+++ Raw data +++

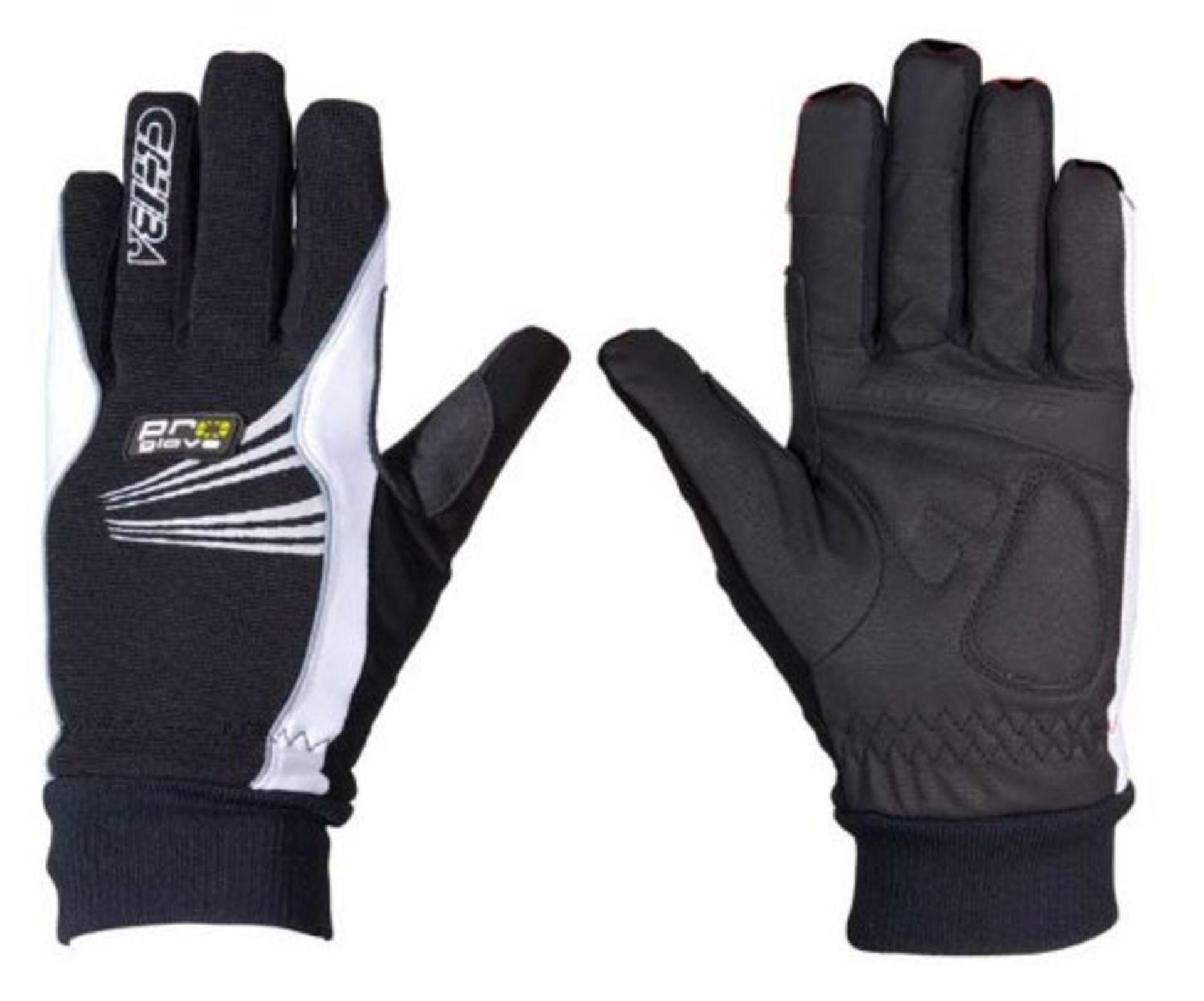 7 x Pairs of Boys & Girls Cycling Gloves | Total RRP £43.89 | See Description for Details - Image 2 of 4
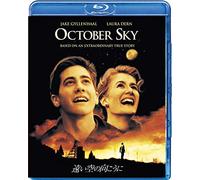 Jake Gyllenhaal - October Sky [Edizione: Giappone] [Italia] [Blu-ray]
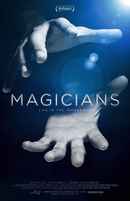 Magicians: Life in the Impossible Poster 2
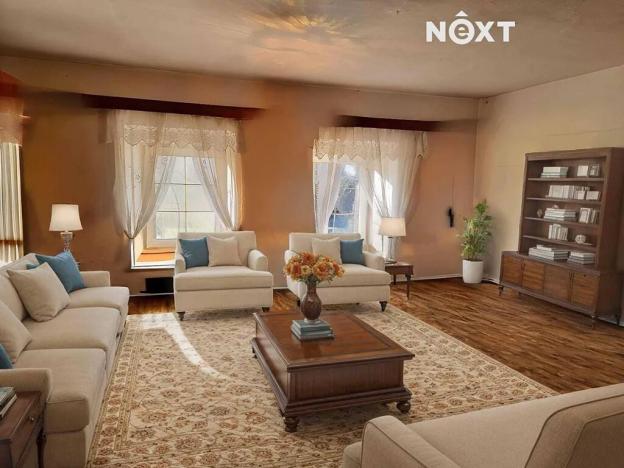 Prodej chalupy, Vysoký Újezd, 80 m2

+++

What the task asks: An exact copy of every line above, minus the pictures, is the required output.

Completed exercise:
 7 x Pairs of Boys & Girls Cycling Gloves | Total RRP £43.89 | See Description for Details - Image 2 of 4
 Jake Gyllenhaal - October Sky [Edizione: Giappone] [Italia] [Blu-ray]
 Magicians: Life in the Impossible Poster 2
 Prodej chalupy, Vysoký Újezd, 80 m2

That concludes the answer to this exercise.